My goal for the new year is to find that person in the shop that sneaks around moving my things around when I'm working on something. Every time I turn around it's not there, someone keeps moving it. They're a goner if I find him.
Best of luck for the New Year Monte.


----------



## GeoCol (Sep 15, 2011)

It will only get better, s keep positive and have a great year.


----------



## patron (Apr 2, 2009)

never say never
you have proven this to work well

thanks for all the inspirations

enjoy your new life
and a blessed new year to you both


----------



## ColonelTravis (Mar 19, 2013)

Happy New Year, Monte. Wish you the best.


----------



## j1212t (Dec 7, 2013)

Good story Monte, I have no doubt you'll double your sales in 2015 vs 2014. The amount of work you can churn out is ridiculous. All the best to you and Elena and I hope to read about your brand spankin' new shop in a year. 
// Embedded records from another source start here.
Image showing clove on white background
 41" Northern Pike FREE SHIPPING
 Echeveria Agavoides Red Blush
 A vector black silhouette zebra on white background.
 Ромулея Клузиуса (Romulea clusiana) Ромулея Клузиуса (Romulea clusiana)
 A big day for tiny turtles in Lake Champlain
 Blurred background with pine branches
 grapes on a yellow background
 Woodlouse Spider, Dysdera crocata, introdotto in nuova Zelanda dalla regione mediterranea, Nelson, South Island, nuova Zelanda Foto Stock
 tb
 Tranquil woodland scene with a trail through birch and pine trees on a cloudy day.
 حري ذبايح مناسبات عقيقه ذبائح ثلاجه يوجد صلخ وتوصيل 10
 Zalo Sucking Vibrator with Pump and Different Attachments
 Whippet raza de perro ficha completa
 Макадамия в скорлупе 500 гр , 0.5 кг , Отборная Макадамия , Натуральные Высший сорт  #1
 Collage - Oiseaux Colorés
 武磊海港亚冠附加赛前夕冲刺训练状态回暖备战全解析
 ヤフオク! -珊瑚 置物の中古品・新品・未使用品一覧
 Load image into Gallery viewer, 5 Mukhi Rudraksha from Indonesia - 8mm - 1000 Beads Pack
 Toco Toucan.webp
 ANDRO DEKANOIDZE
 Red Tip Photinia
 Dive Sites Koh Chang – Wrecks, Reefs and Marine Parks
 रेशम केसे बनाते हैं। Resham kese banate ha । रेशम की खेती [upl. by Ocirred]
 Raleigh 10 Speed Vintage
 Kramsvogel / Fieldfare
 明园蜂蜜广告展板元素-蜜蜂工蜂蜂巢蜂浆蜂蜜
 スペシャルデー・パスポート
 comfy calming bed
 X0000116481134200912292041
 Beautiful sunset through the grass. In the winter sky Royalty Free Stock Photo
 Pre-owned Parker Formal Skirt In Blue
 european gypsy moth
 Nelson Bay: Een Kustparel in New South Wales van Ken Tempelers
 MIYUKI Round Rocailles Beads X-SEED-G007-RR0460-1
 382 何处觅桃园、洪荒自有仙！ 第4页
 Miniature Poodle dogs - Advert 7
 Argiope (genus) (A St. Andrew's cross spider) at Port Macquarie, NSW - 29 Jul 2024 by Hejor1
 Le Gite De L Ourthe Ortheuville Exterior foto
My goal is also to increase my sales for 2015 and get me some of those sweet Veritas handplanes and some other cool handtool-toys.


----------



## roman (Sep 28, 2007)

I feel your pain. Sometimes its easier to see crosses then blessings, but to move forward I skip the crosses and count my blessings.


----------



## ssnvet (Jan 10, 2012)

They can't keep a good man down Monte….

Best wishes getting your new shop set up…. and for a great start with your new partner.


----------



## jcsterling (Aug 1, 2008)

hope you reach and exceed all of your goals Monte. best wishes for 2015


----------



## CFrye (May 13, 2013)

Monte, it's been a pleasure 'meeting' you here on line. I look forward to the face to face meet-ups with you and Elana in the Spring and Summer. I pray you will exceed all of your goals ten fold. My goals for this year are to get started on (and finish) rehabbing all the vintage tools I've been collecting and continue to learn from you and all the other LumberJocks!


----------



## maplerock (Jun 21, 2013)

You are LJ's "*Comeback Player of the Year*!" Best of luck this year!


----------



## firefighterontheside (Apr 26, 2013)

I sure wish I could come and help you build some weekend, but you're more than a weekend away. Well not exactly. I did just drive home from Vail today, but I wouldn't have any time to actually help.
Enjoy teaching your "help" to help. 
I'm looking forward to the pics of progress. Will you build the shop with BKP?


----------



## Mustang67 (Feb 22, 2014)

I've been here for about 10 months, and I've enjoyed seeing your projects. And, having seen those, I would have never known that you lost the shop. Nice comeback. Hope you have an excellent 2015.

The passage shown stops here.